Sometimes it calls to you. Sometimes it’s too beautiful, too brilliant, too exciting to ignore. Sometimes it completes a cherished theme, or is too perfect a fit for an incomplete diorama to leave on the shelf.
Aaaaaand sometimes you just happen to be in the post office and buy it because it’s on the shelf right there where you’re lining up to send a package.
Guess which one 30381 Imperial Tie-fighter Mini Polybag was?
One thing you have to admit, even if you love Star Wars (which I don’t), and even if you think Star Wars spaceships are cool and the best part of the whole franchise (which, largely, I do): almost all of the designs are unbelievably dumb.
For a start, there’s simply no visibility. And while that wouldn’t be an issue in an environment in which everything is controlled through cameras and electronics — like, you know, spaceships — George Lucas has no actual vision of his own, so every space battle in every Star Wars outing is handled as if it takes place during the Battle of Britain — they’re all line of sight firing between ships that have sealed, one-directional cockpits, with everyone zooming in and out of the ecliptic as if nobody’s ever realised that they’re fighting within a literally limitless number of angles.
Then there’s the fact that everybody seems to have a sheet of paper between their backs and the giant, red-hot engines. Some have wings like aircraft for no reason, and some don’t for no reason, and neither matter because they all manage to fly in space and atmosphere easily, which in the case of the wingless wonders defies every law of physics known to man.
I could go on.
But the ships look cool. I’ll give them that. And there’s no doubt that tie-fighters look especially cool, even if they are especially dumb. Seriously: how can anybody see anything with those giant fins on each side? And can you imagine the yaw issues? And… anyway, 30381 Imperial Tie-fighter Mini Polybag does a pretty good job of recreating the classic tie-fighter look with a tiny number of parts: there are only 40 or so in this pack. It’s nothing outstanding, but it’s okay.
Okay, it’s table-scrapping in a bag. But at least it looks like what it’s supposed to look like.
The other part of this pack, and the one that takes up most of the twenty buck price tag, is the notebook. It looks good: it’s got a black-on-white line drawing of the tie-fighter in action on the cover, so it’s all blue-printy and teckonogical; the cover is thick cardstock impersonating a a hardcover; and the pen attaches to the front by virtue of classic Lego studs.
And that’s where things go horribly, horribly wrong. Because — and there’s no polite way to put this — the whole thing is just so nastily cheap. The notebook itself began to fall apart after a couple of weeks’ use. Whatever the manufacturer was using for glue, it clearly wasn’t glue: pages detach from the spine with less pressure than a kitten asking for a cuddle. As for the pen, well, there are a number of shapes that enable a writing instrument to fit comfortably within the hand. Oblong isn’t one of them. Surprisingly, the ink is dark, and even, and the ball glides easily. But that doesn’t matter a damn when you give up after half a page and start looking for that Kilometrico you’ve been using for the last three years.
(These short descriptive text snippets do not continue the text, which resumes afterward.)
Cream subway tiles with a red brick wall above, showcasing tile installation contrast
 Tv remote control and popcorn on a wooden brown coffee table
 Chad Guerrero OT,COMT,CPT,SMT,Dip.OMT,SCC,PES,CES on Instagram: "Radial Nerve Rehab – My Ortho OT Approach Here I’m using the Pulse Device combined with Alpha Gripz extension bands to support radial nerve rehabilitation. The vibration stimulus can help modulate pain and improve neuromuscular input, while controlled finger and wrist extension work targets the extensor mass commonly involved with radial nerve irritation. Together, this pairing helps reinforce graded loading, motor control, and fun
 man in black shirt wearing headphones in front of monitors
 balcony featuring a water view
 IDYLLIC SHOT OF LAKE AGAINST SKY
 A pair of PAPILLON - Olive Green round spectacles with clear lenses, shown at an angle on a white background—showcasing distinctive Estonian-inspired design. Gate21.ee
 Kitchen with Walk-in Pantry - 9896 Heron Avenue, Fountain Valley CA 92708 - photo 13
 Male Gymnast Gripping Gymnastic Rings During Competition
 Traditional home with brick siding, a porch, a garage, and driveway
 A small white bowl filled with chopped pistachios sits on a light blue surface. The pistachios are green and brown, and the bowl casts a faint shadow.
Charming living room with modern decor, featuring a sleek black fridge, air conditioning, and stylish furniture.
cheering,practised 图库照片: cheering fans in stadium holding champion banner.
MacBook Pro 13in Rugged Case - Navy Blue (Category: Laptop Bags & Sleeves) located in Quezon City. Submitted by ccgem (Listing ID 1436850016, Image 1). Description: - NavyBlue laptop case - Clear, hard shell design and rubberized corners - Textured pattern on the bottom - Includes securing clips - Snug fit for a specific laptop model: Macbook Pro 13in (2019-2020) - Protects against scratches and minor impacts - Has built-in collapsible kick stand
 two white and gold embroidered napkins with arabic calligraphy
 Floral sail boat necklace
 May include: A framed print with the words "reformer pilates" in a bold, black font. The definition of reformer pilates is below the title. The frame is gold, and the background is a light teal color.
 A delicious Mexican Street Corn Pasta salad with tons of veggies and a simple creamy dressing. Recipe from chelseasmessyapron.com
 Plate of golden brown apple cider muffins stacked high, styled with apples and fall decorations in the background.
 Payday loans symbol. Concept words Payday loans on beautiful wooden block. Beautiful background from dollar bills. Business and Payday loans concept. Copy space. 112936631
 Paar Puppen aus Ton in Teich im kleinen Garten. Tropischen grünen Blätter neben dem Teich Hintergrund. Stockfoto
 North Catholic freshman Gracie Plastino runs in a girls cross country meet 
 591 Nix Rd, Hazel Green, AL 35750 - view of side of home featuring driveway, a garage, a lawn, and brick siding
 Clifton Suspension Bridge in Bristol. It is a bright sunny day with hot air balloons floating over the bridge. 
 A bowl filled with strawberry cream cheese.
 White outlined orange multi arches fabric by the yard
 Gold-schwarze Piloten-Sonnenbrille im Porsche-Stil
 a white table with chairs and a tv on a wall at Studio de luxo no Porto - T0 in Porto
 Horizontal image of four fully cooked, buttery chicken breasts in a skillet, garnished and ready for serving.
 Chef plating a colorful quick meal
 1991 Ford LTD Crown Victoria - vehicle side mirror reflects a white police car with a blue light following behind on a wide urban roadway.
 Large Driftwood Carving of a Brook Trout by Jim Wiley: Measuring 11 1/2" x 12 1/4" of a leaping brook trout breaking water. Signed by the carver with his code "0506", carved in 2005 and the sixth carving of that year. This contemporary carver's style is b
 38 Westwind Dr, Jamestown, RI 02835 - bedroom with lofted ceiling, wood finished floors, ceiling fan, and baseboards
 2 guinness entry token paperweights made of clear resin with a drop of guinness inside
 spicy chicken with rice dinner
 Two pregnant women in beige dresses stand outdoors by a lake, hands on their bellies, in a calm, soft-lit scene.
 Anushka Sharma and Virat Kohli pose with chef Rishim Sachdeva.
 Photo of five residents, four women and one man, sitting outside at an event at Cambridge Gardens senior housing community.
Don’t be fooled. “The Rise of Skywalker” looked good, too, and we all know how that ended up.
Look, I know this is for kids. It’s obviously for kids. But kids don’t deserve to be ripped off, and they don’t deserve to be lumbered with cheap tat that doesn’t do what it’s supposed to do, just because they’re kids. This is a rather ordinary $4 buck polybag with $16 worth of shite pinned to it.
It’s simply not worth the money.
Nah. Get the kids something else for Christmas. Maybe a puppy.